___ Materials provided

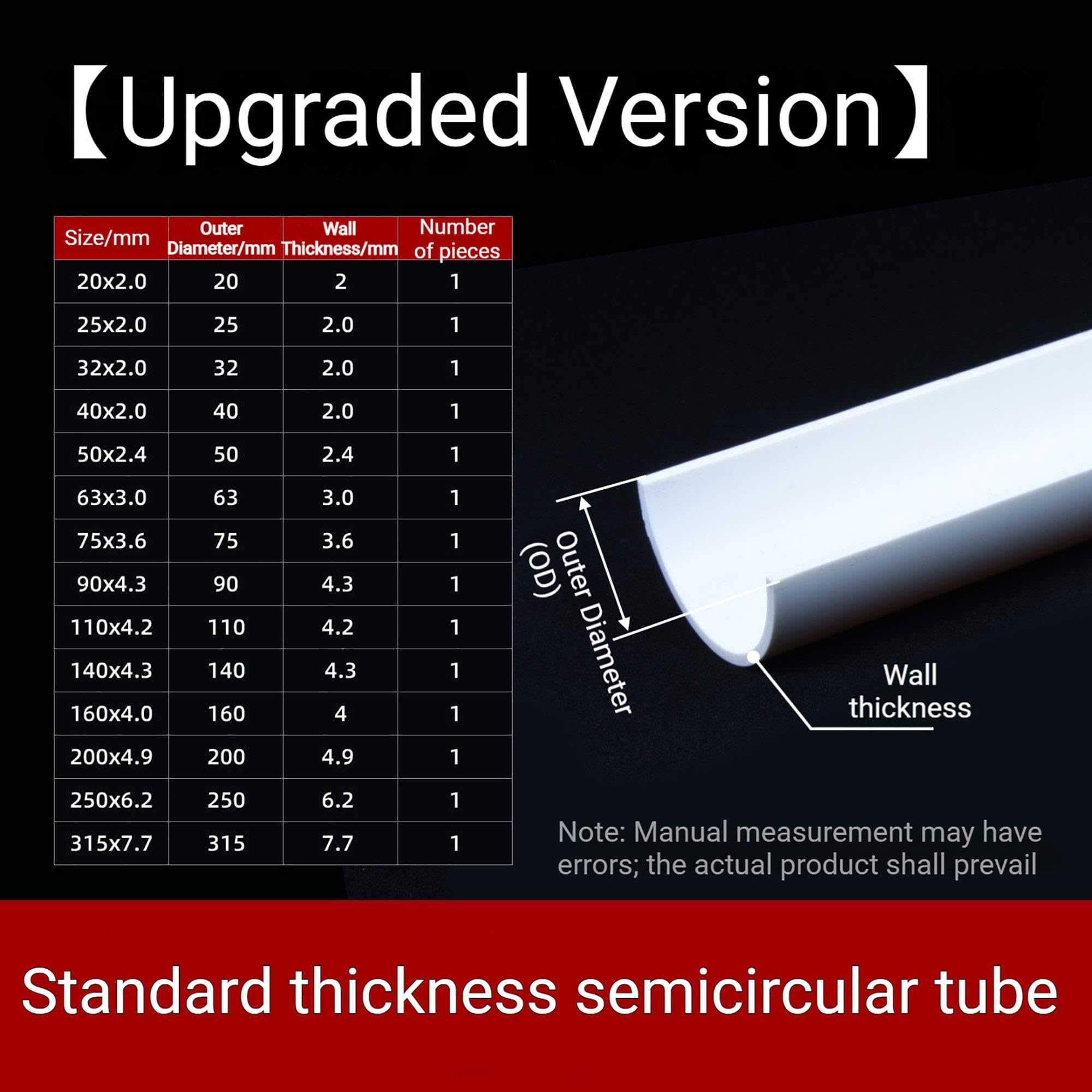 Tubo PVC Semitondo 2-12", Canale U per Drenaggio e Irrigazione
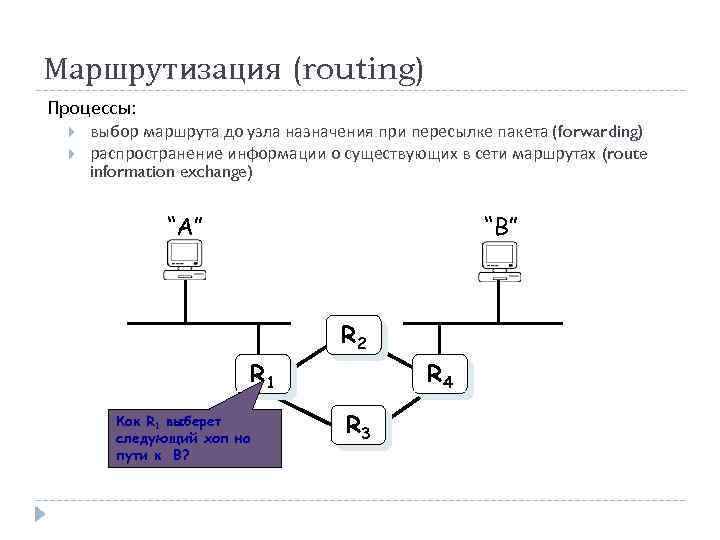 Маршрутизация (routing) Процессы: выбор маршрута до узла назначения при пересылке пакета (forwarding) распространение информации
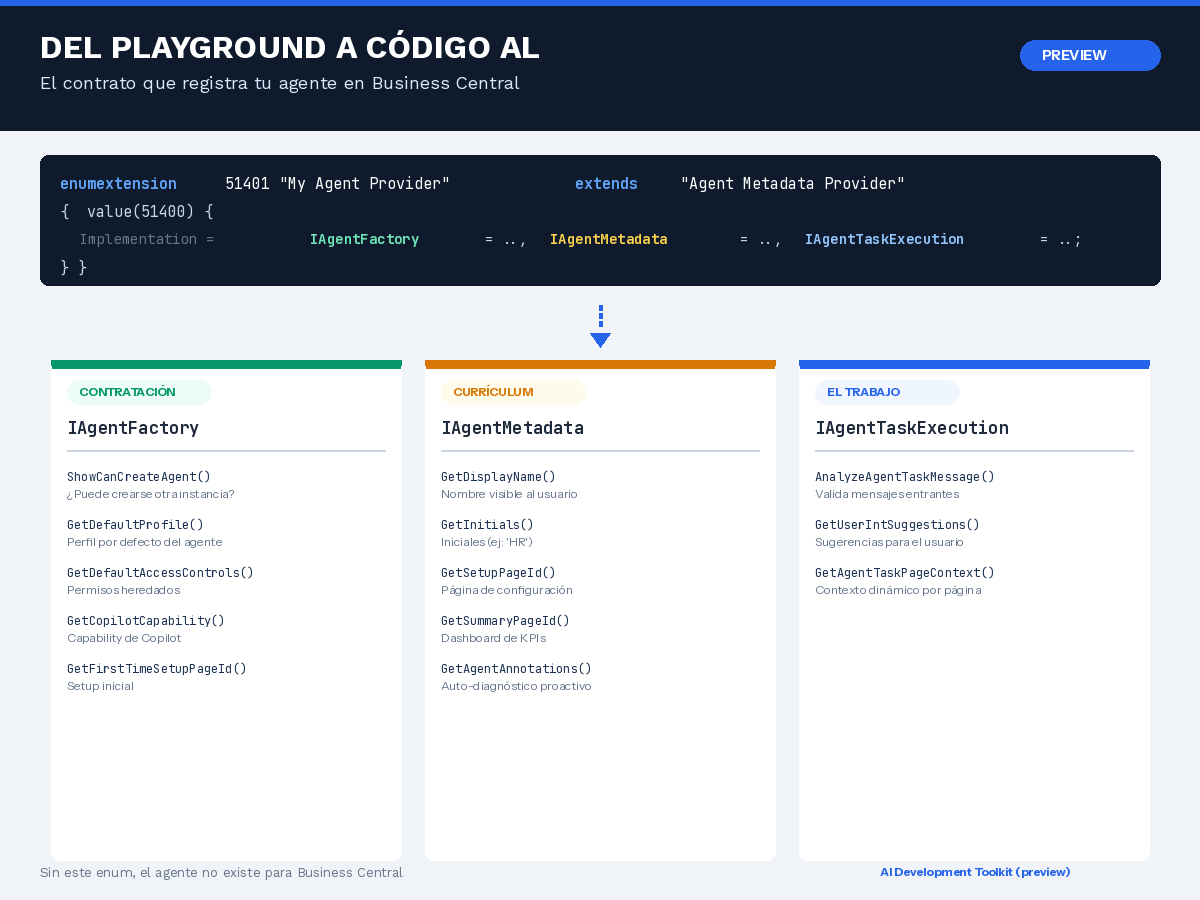 From Playground to AL code: how to convert an agent into an extension ...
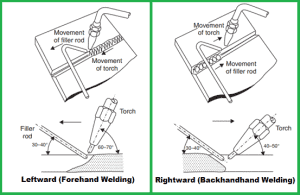 welding techniques leftward-and-righward-welding-techniques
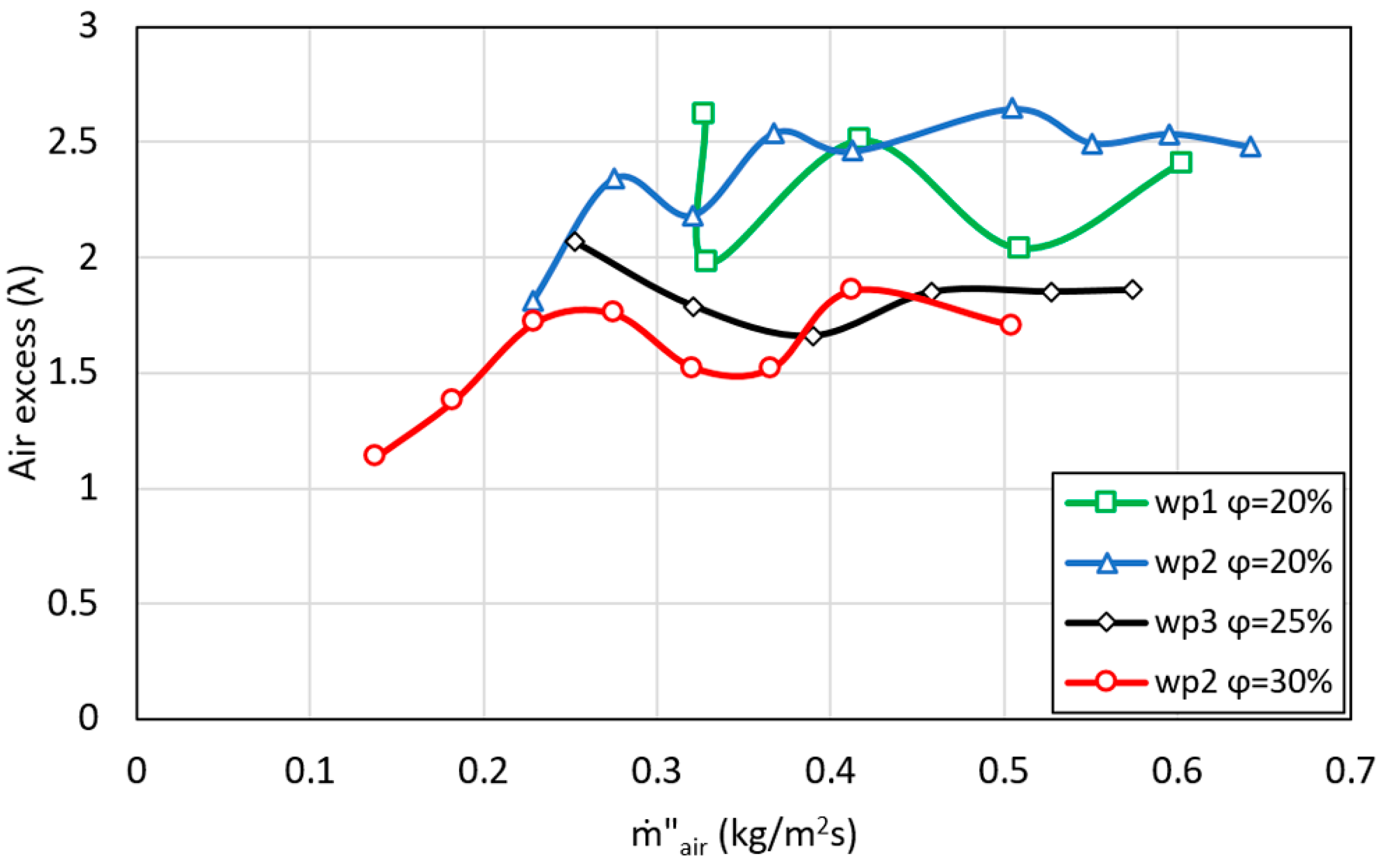 Energies 09 00940 g005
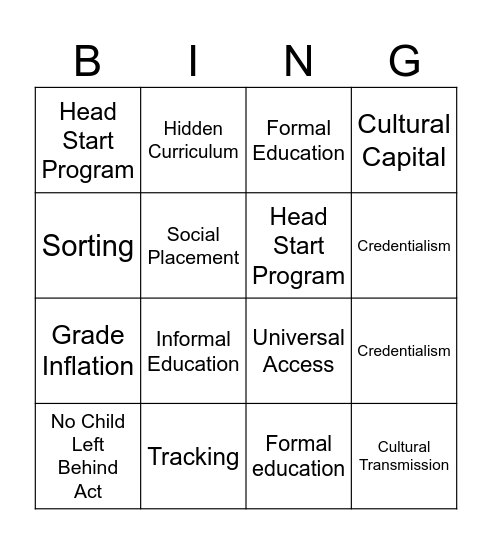 Sociology Chapter 16 BINGO Card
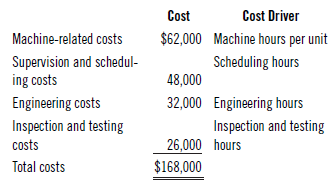 Cost Cost Driver $62,000 Machine hours per unit Machine-related costs Supervision and schedul- ing costs Scheduling hour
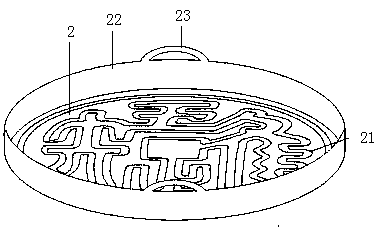 Built-in Incense Forming Mold and Incense Forming Method of Incense Stove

______

* What this task involves
Omit the pictures, and please restate word for word the lines running from the line with "Cost Cost Driver" to the end of the entries.

* Task solution
 Cost Cost Driver $62,000 Machine hours per unit Machine-related costs Supervision and schedul- ing costs Scheduling hour
 Built-in Incense Forming Mold and Incense Forming Method of Incense Stove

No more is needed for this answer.